Re: SVG and MathML in text/html

On Mar 10, 2008, at 19:03, Jeff Schiller wrote:

> Whatever direction is taken (generic extensibility or specific
> allowing of SVG and MathML inline with HTML 5), I would like to add
> the following point:
> - Inclusion of SVG in HTML should not require a change to the SVG
> language.

That kind of statement is certain to lead to people talking past each  
other when one set of people speaks of a DOM language and another set  
of people speaks of the character stream that appears in the  

I think we should require that that the DOM representation doesn't  
undergo changes. However, I'd be ready to allow the serialization  
stream syntax to be both extended and limited as long as certain  
common cases appear to work as perceived by authors.

> Specifically:
>  a) I should be able to copy & paste the inline SVG document into a
> new standalone document and it be valid SVG
>  b) I should be able to copy & paste the inline SVG document into a
> XHTML document and it still be valid XHTML+SVG

Personally, I don't consider that kind of copy & paste a requirement.  
The kind of copy & paste I'm interested in is taking a standalone SVG  
document where elements don't use namespace prefixes and pasting it  
into text/html.

Note that enabling source-level copy & paste from text/html to XML  
would require a lot of special-casing in the tokenizer in conformance  
checkers and would make the syntax rules of SVG subtrees inconsistent  
with the surrounding HTML elements. Still, authors who don't use  
conformance checkers would notice any of it, since they could still  
violate the rules. (Non-Draconianness is a major feature of text/html  
compared to XML. Introducing Draconian error handling in the SVG bits  
in text/html would miss the point big time.)

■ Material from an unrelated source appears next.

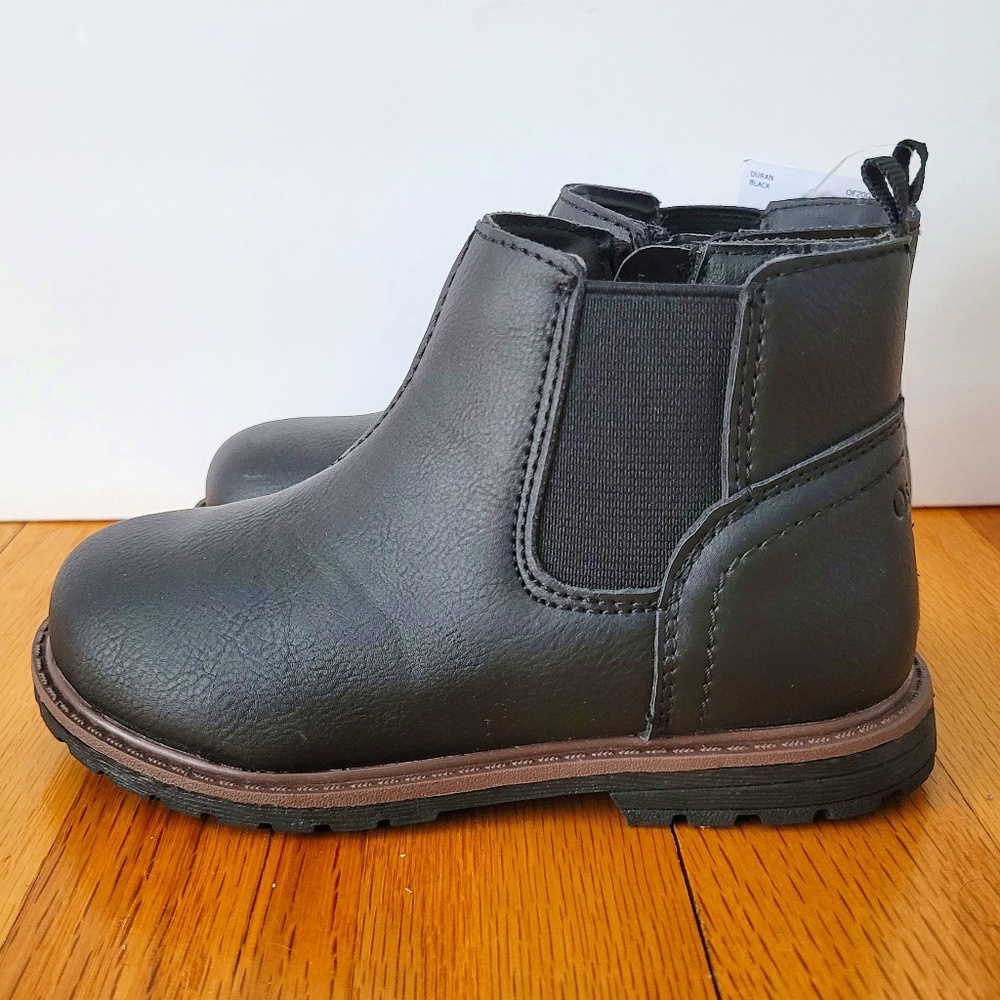 OshKosh Toddler Boots size 9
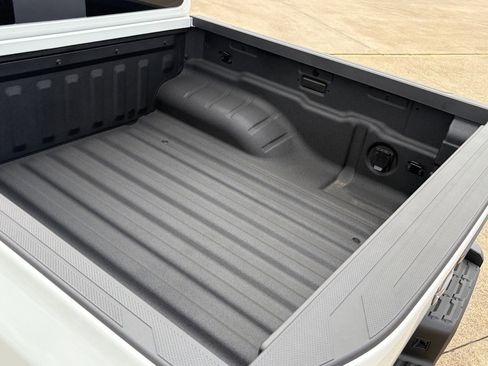 New 2026 Nissan Frontier S image 25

> In both cases, I might need to copy & paste some xml namespace
> attributes from one element to another, but otherwise there is no
> change to the SVG language i.e. it's still XML with the requirements
> that:
>  - attributes be quoted

What should, in your opinion, happen when they aren't? (In my opinion,  
attribute values should be tokenized like HTML attribute values. Then  
it's only a matter of deciding which cases are parse errors and I'd  
prefer to be consistent with the surrounding HTML.)

>  - elements be closed

I agree that this should be required for conformance. What should, in  
your opinion, happen when they aren't closed? (In my opinion, the  
stack of open elements should be searched for a matching element in  
SVG scope. If one is found, the stack should be popped until that  
element comes off the spec. If a matching element is not found, the  
end tag token should be ignored.)

>  - elements are case-sensitive

I agree.

> The reason I think this is important is that, if we do not ensure it's
> valid XML SVG, then we'll have interoperability problems in existing
> browsers and viewers that support SVG and SVG content tools.

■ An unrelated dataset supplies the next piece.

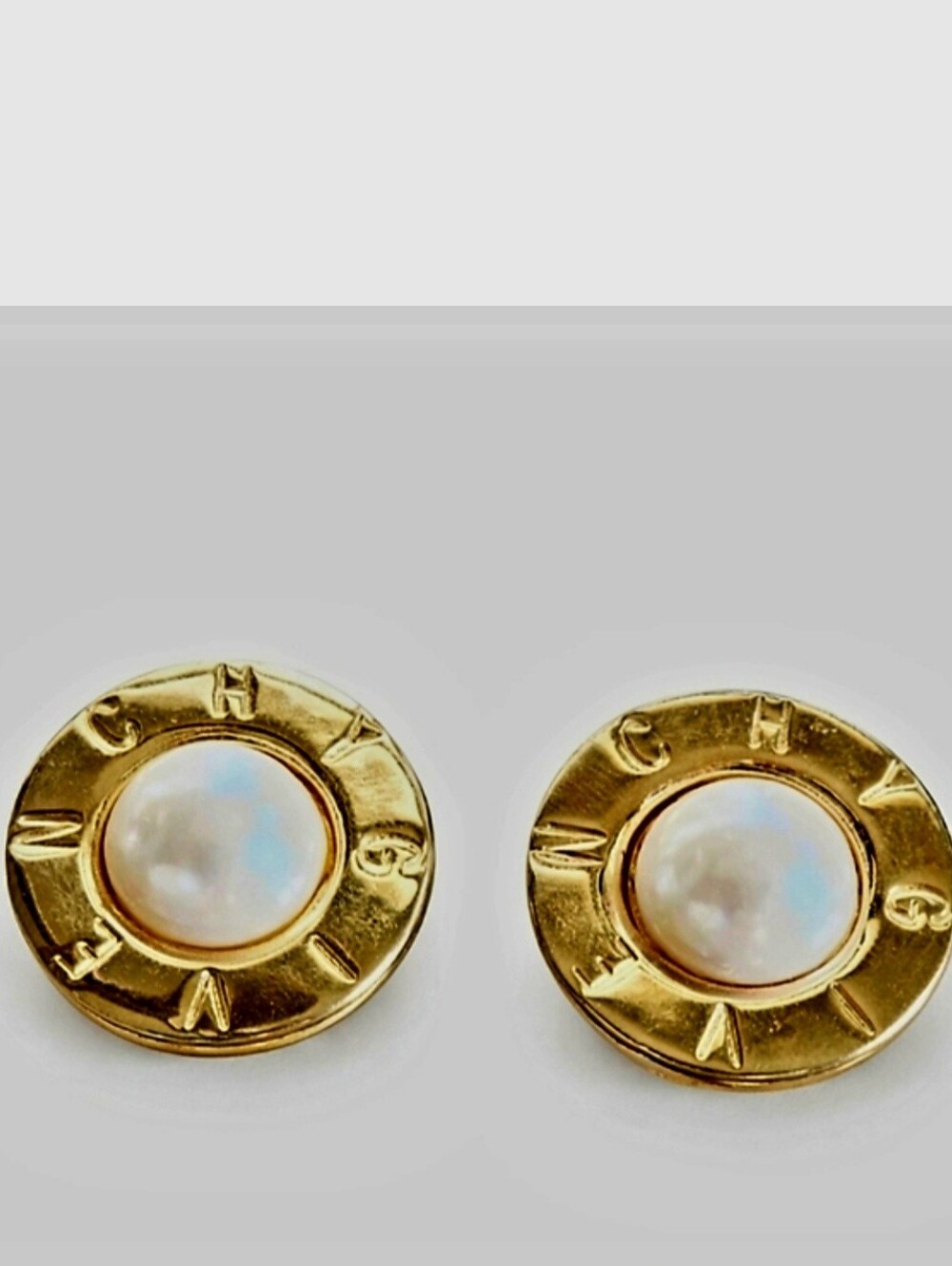 Givenchy Gold-plated Faux Pearl Round Vintage Earrings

Allowing inline SVG in text/html is an interop problem with existing  
UAs no matter what. The justification for introducing such an interop  
problem is the assumption that the non-inlineability of SVG in text/ 
html is holding SVG back and enabling SVG in text/html would allow SVG  
(in the sense it exists as a DOM language) take off.

> SGMLizing SVG would require more work from developers to ensure that
> that flavour of SVG allowed in HTML works in their tools.

(There's no SGML here.) And yes, SVG tools wishing to support SVG in  
text/html would need to include an HTML5 parser and a serializer.  
These are expected to be off-the-shelf components plugging into  
popular XML APIs.

> Further
> elaboration here:

(Quoting from blog post.)
> Lots of talk these days about allowing SVG inline with text/html  
> content.  I thought I’d try and put some thoughts down.
> Start with Doug’s excellent post on this topic.  I don’t have any  
> opinion on the aria-specific elements of the debate.  I’m fine with  
> either adding a namespace to these attributes when used in XML or  
> letting those attributes attach themselves to the SVG language  
> without a namespace if it simplifies things, I don’t see a need to  
> update the SVG specification for this though.

I disagree that the blog post casting me as a Capulet is on this  
topic. It was on the ARIA topic, which is a different topic (new  
attribute bits without parser changes vs. namespaced elements with  
parser changes).

> I also don’t see a need to reinvent or create a new namespacing  
> mechanism using underscores or dashes, this seems silly and/or  
> dangerous to me.

The whole point of the aria-* scheme is that it is *not* a namespacing  
mechanism as far as the parser and the DOM are concerned. It is a  
naming convention for people.

> But there’s something I’m not getting about the recent discussion  
> of allowing inline SVG in text/html (or HTML5).  Anne seems to be of  
> the opinion that it would be a good opportunity to simplify the SVG  
> language - maybe eliminate namespaces, allow upper-case SVG  
> elements.  Kind of an “if you want to play in the HTML playground,  
> you have to wear the right kind of sneakers” attitude.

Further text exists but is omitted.